PROBLEM STATEMENT:
Take the lines below from the one with "I knew what" through the one with "If you have two" and retype them exactly. Include nothing else, and no pictures.
# # #
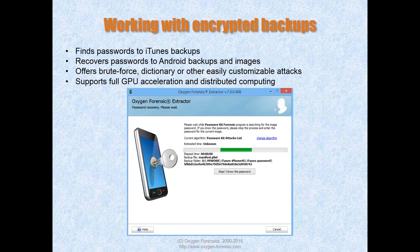Sometimes backups you try to import can be encrypted. For example, the user can create a password in iTunes to encrypt a backup. If you try to import that backup in any forensic software, you'll need to enter the password. We have a solution: our Oxygen Forensic Password Analyst software helps you find passwords to iTunes backups and Android backups and images. It uses various attacks like brute force and dictionary attack, and attacks can be customized. It also uses full GPU acceleration and distributed computing to find passwords faster.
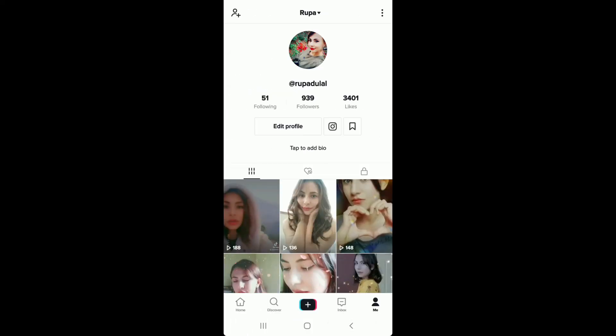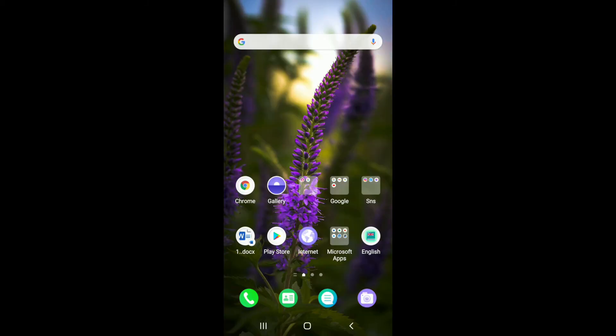After you make this change, your TikTok account is no more a private account. That is how you can easily change your TikTok private account to public account.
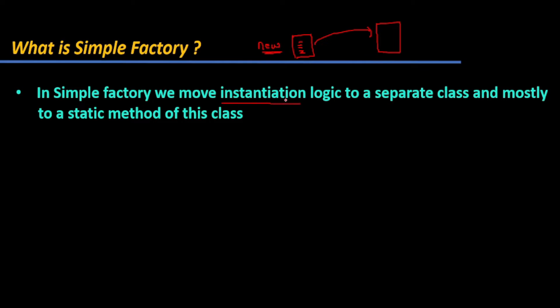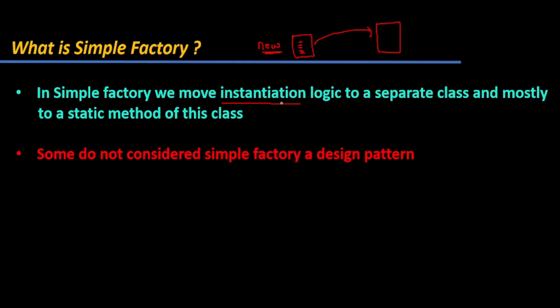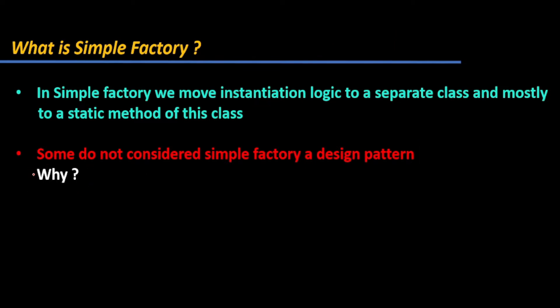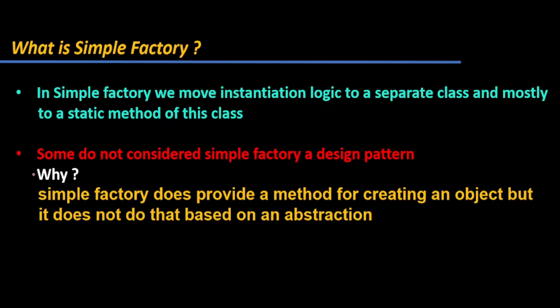Some do not consider Simple Factory a design pattern. Why? Let me give the bookish answer: Simple Factory does provide a method for creating an object, but it does not do that based on abstraction.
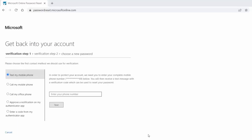You will now have several options to choose from for verifying that it is you who is changing your password. Follow the instructions on screen and once you have verified that it is you, you will be prompted to reset your password.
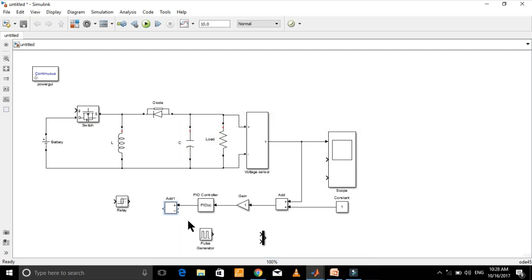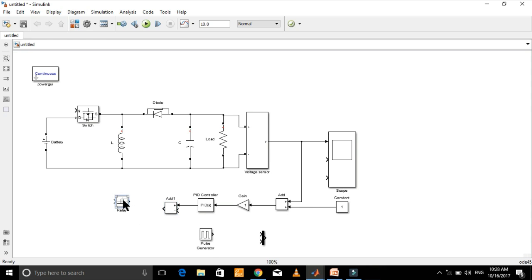Since the output voltage of a buck-boost converter is always negative, therefore don't change the signs of this add block. Otherwise, this will just add the two inputs.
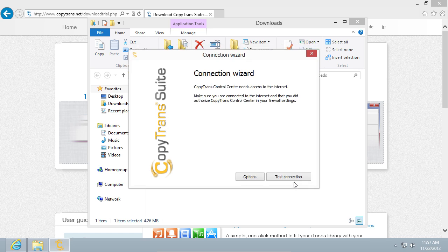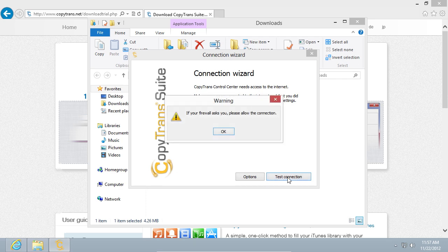When the installation is complete, click on Test Connection. In the pop-up window, you will see the warning, press OK.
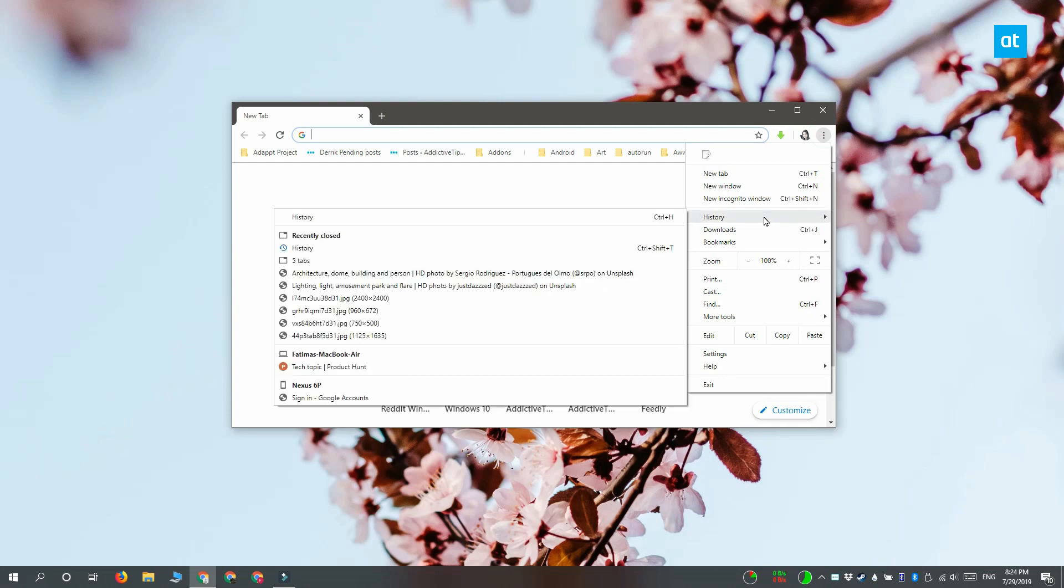Now when you close Chrome or if it crashes, you can tap the Ctrl plus Shift plus T keyboard shortcut and it's going to open the tabs that you had open last.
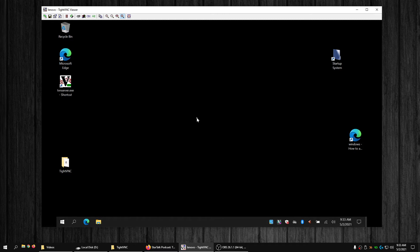I knew what would probably work for that, but I didn't want to do it that way because I didn't have to do that on my Windows Pro laptop that I VNC into often, as shown in some of my other videos. When I do VNC into computers...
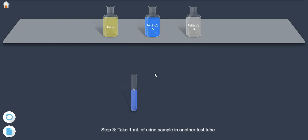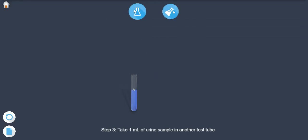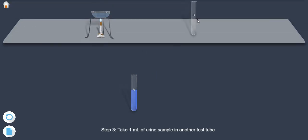Step 3: Take 1 ml of urine sample in another test tube.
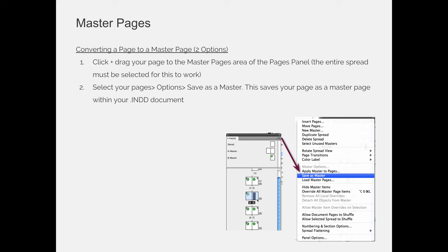If you have two pages selected, it will save a two-page master. If you have one page selected, it will become a one-page master. So keep that in mind, it's an option.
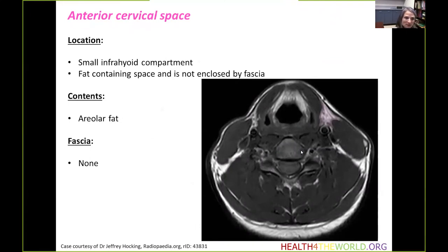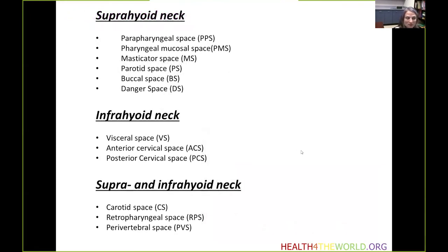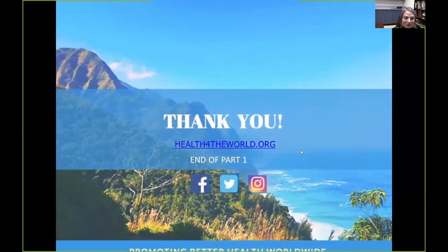The final space is the anterior cervical space — a small infrahyoid compartment that contains fat and is not enclosed by fascia. To review: we looked at the suprahyoid neck containing parapharyngeal, pharyngeal mucosal, masticator, parotid, buccal, and dangerous spaces. We moved on to the infrahyoid neck looking at the visceral, anterior, and posterior cervical spaces. And we also looked at spaces that traverse both the infrahyoid and suprahyoid neck, including the carotid space, retropharyngeal space, and perivertebral space. Thank you very much.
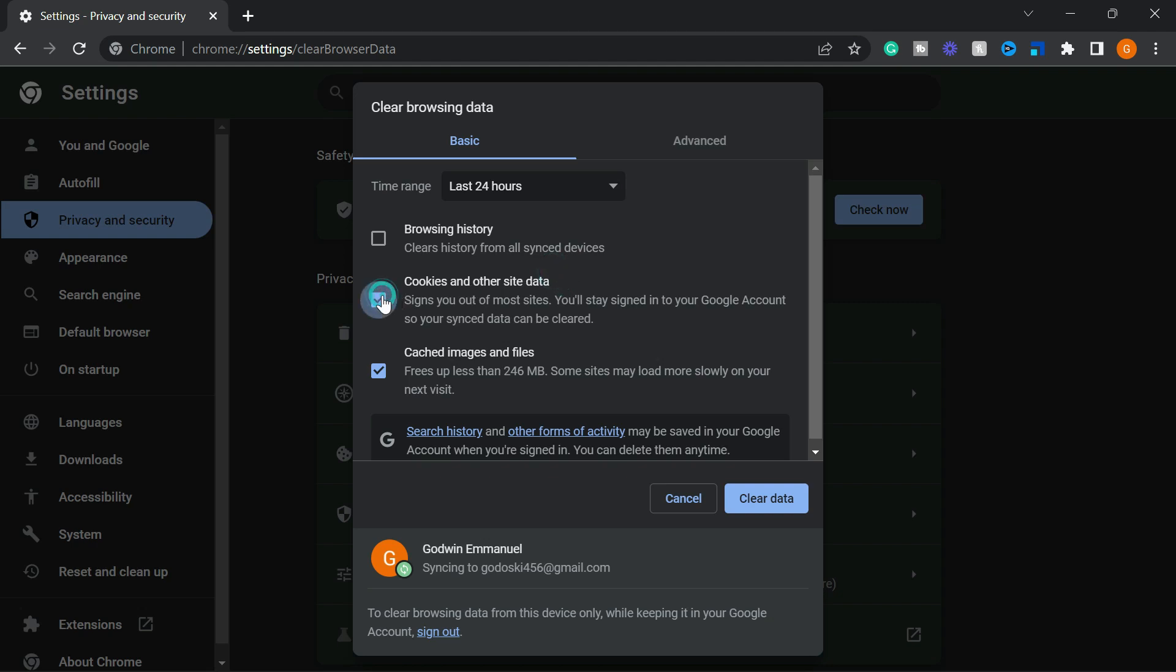You can also clear your cookies. Do note, clearing your cookies will erase your auto login. Meaning if you did have single sign in turned on the websites you usually sign in, they will all be wiped.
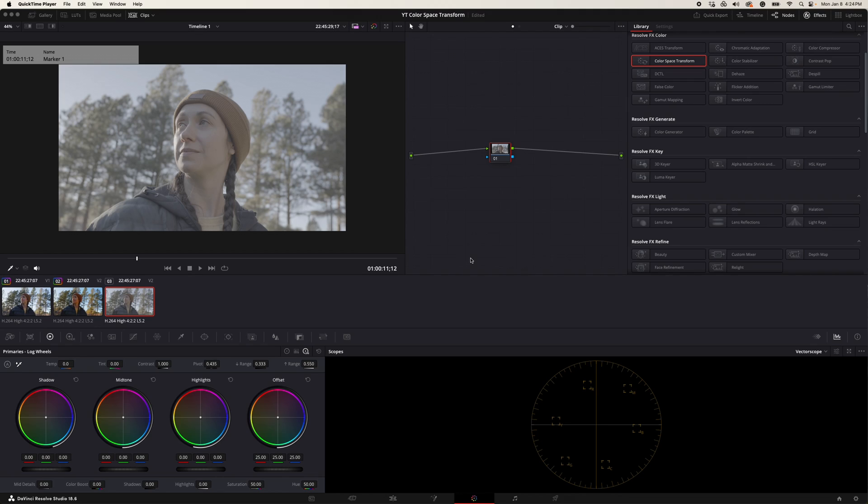Okay, so I'm in DaVinci Resolve Studio 18 and I'm in the color tab right now. You can see that I put in the FX30 footage straight off the camera. It was recorded in S-Log3 Cine here.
# # #
YOUR RESPONSE:
I knew what would probably work for that, but I didn't want to do it that way because I didn't have to do that on my Windows Pro laptop that I VNC into often, as shown in some of my other videos. When I do VNC into computers...
Step 3: Take 1 ml of urine sample in another test tube.
If you have two pages selected, it will save a two-page master. If you have one page selected, it will become a one-page master. So keep that in mind, it's an option.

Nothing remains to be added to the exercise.